I’ve struggled with my weight for as long as I can remember, my childhood was full of throwing myself face first (literally) into whatever food was in front of me. At the age of 3, I had ice cream all over my nose and mouth from lapping at ice cream at Chilli’s. In fact, I have a scar in the corner of my left eye because at the age of 4, I dived into a bowl of kofta and accidentally slipped, my face hit the jagged edge of a wooden coffee table – I cried, then ate the kofta. At the age of 6, my cousins were playing around in my auntie’s chalet in Sahel, I was slumped in the couch-swing-thing in the backyard slurping on juice instead of being in the pool. Food is my one true love, since the day I was born, probably till the day I die. Silly anecdotes aside, this is much much bigger than a girl who loves food.
“I will tell you, my daughter
of your worth
not your beauty
everyday. (your beauty is a given. every being is born
knowing your worth
can save your life.
raising you on beauty alone
you will be starved.
you will be raw.
you will be weak.
an easy stomach.
always in need of someone telling you how beautiful you
- Nayyirah Waheed
Before going into my struggles, let’s address something important first, okay?
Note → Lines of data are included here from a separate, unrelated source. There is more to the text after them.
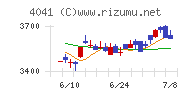 日本曹達チャート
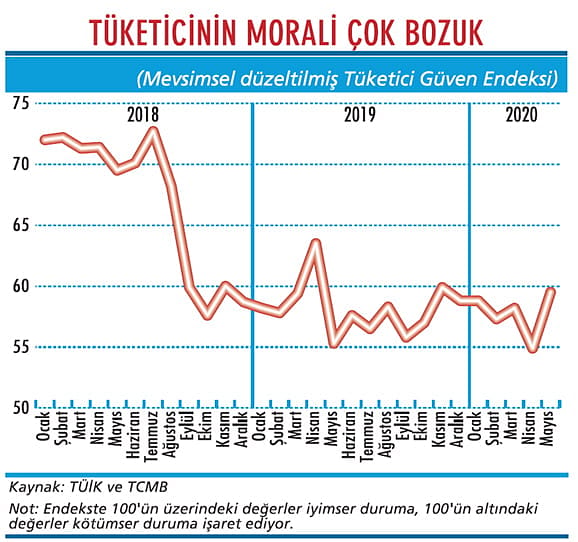 Tüketici güveni dipten kurtulamadı-1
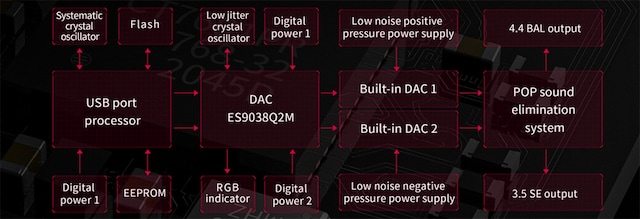KA3 detaljer KA3 detaljer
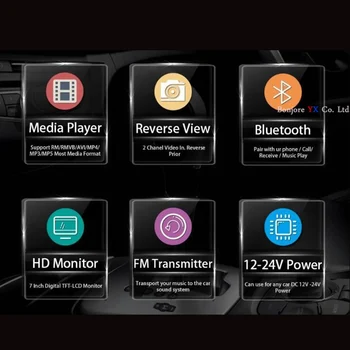 Koorinwoo Bezdrôtové Parkovacie TFT LCD Auto Monitor, Media Player Bluetooth MP4 MP5 FM licencia Auto parkovacia Kamera 16 Svetlá Späť Hore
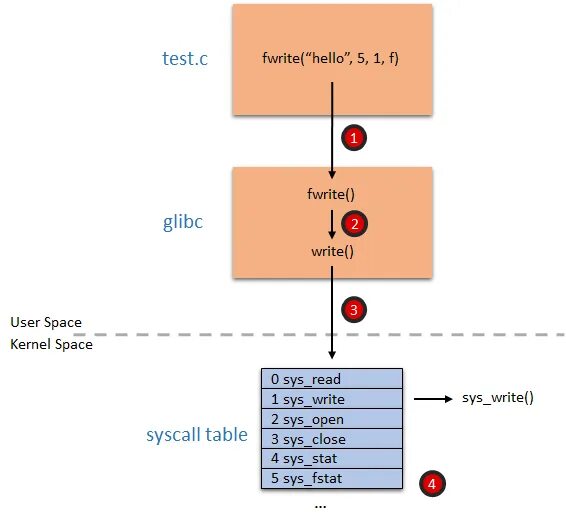 Linux System Call Table. Linux и go. Эффективное низкоуровневое программирование. Syscall Table. Hello System Linux.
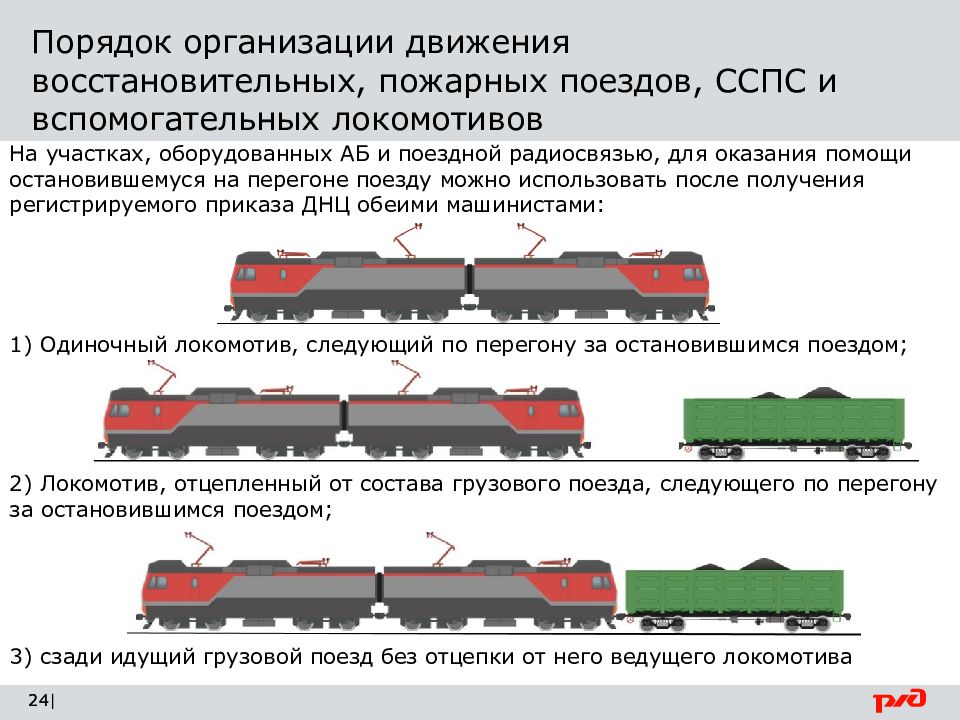 С какой скоростью машинист вспомогательного локомотива. Безопасность движения поездов. Состав пожарного поезда. Организация движения поездов на Железнодорожном транспорте. Безопасность движения поездов презентация.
We were all raised to believe beauty to be more important than intelligence or kindness or hard work. As if not all of us were born beautiful anyway, as if beauty was never a given when it is the only given, everything else is earned, everything else is fought for, everything beyond the way you were born. I’ve always thought I was ugly. I grew up earlier than most of my classmates, developed curves way beyond everyone else, shot up so many inches I towered over my friends, I was awkward in my own body, somewhere between too big and yet not enough, filled out, but in all the wrong places, or perhaps that’s how I saw myself, or maybe it is how I thought people saw me and thus chose to see myself that way. It didn’t help that I was bullied, mostly because I was intelligent, I’m also not just booksmart and I know now that it intimidated many people, I ruined everything further when I decided dumbing myself down was the answer to all my problems.
The first thing people usually told me when I opened up about any insecurity, was “habebty, you’re beautiful”, and I wanted to scream at them, “stop telling me that, is that really all I am? All that matters?” Our mothers should’ve known better than to raise us as easy prey, it’s how I got my heart so severely broken it traumatized me. Our ancestors should’ve strived to help us become stronger, to grow into powerful individuals, but also a powerful collective, we should’ve been brought up a sisterhood instead of a group of backstabbing snakes only concerned with how others see us and where we are on the social food chain. We should’ve been given more ammunition against the world than petty gossip and good for nothing “diets”.
I grew up fat.
Say the word, it doesn’t bite, they’re only three letters, it’s like any other adjective, F A T, fat.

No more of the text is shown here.